**Problem requirements**
At the line containing "Battersea Londres Angleterre", begin setting down the entries exactly, and stop only after the last line.

**Data excerpts**
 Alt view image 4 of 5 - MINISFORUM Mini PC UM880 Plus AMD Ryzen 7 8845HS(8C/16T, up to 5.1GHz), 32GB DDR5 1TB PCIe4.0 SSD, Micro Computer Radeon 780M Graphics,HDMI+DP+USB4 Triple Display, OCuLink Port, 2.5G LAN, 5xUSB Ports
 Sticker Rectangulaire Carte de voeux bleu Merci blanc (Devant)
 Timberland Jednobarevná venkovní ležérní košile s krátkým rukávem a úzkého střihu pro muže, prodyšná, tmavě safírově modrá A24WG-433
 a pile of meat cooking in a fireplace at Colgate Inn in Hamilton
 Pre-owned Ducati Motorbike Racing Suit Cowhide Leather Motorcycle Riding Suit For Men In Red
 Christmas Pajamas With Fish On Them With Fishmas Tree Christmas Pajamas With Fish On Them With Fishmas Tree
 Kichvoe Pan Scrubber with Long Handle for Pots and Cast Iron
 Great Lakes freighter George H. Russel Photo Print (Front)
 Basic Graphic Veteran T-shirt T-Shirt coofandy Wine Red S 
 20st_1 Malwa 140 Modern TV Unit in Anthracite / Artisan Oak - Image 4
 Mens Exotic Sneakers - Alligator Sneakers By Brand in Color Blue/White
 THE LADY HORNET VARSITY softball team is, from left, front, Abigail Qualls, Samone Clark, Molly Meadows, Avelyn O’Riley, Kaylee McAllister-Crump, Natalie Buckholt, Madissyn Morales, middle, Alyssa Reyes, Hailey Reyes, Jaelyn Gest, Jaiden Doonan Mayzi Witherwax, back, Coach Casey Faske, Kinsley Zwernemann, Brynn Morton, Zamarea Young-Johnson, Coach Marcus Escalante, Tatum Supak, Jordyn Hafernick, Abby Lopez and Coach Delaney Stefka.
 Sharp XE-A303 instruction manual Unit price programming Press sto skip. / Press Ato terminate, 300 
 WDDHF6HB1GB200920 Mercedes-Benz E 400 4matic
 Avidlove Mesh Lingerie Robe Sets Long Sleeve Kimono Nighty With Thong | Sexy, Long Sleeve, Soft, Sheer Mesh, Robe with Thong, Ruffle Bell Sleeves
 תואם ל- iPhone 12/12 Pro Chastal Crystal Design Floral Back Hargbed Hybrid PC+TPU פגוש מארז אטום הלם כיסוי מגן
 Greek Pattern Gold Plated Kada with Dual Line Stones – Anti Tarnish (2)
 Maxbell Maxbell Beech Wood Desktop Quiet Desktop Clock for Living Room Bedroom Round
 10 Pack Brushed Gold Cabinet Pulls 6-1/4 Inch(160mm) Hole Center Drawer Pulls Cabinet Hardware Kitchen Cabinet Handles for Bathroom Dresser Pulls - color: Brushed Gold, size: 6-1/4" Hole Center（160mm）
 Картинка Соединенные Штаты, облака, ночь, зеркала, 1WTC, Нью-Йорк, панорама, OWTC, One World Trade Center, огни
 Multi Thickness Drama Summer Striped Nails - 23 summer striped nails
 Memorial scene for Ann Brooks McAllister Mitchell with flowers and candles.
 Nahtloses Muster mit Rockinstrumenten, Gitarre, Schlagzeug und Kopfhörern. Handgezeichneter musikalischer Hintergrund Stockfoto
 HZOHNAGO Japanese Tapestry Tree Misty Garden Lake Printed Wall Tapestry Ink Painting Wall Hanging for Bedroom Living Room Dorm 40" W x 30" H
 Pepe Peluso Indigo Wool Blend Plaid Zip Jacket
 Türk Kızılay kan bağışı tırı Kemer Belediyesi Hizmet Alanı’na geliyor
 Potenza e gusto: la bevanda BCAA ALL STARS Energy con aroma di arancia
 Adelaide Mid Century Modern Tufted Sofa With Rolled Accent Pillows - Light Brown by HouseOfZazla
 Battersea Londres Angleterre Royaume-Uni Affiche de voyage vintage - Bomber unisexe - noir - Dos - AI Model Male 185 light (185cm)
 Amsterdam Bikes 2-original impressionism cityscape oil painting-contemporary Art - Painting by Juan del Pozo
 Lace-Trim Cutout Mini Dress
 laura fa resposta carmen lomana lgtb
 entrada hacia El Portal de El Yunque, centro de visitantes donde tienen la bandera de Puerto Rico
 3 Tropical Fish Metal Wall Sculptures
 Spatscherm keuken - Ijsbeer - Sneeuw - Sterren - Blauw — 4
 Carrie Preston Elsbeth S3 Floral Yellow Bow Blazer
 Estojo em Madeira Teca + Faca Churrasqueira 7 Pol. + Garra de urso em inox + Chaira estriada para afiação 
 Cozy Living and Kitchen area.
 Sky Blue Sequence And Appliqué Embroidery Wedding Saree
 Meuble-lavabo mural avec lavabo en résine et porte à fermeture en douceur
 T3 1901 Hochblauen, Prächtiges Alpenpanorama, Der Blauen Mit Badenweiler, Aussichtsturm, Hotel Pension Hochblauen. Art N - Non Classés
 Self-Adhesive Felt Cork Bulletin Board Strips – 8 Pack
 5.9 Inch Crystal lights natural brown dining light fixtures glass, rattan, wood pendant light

**Written solution**
 Battersea Londres Angleterre Royaume-Uni Affiche de voyage vintage - Bomber unisexe - noir - Dos - AI Model Male 185 light (185cm)
 Amsterdam Bikes 2-original impressionism cityscape oil painting-contemporary Art - Painting by Juan del Pozo
 Lace-Trim Cutout Mini Dress
 laura fa resposta carmen lomana lgtb
 entrada hacia El Portal de El Yunque, centro de visitantes donde tienen la bandera de Puerto Rico
 3 Tropical Fish Metal Wall Sculptures
 Spatscherm keuken - Ijsbeer - Sneeuw - Sterren - Blauw — 4
 Carrie Preston Elsbeth S3 Floral Yellow Bow Blazer
 Estojo em Madeira Teca + Faca Churrasqueira 7 Pol. + Garra de urso em inox + Chaira estriada para afiação 
 Cozy Living and Kitchen area.
 Sky Blue Sequence And Appliqué Embroidery Wedding Saree
 Meuble-lavabo mural avec lavabo en résine et porte à fermeture en douceur
 T3 1901 Hochblauen, Prächtiges Alpenpanorama, Der Blauen Mit Badenweiler, Aussichtsturm, Hotel Pension Hochblauen. Art N - Non Classés
 Self-Adhesive Felt Cork Bulletin Board Strips – 8 Pack
 5.9 Inch Crystal lights natural brown dining light fixtures glass, rattan, wood pendant light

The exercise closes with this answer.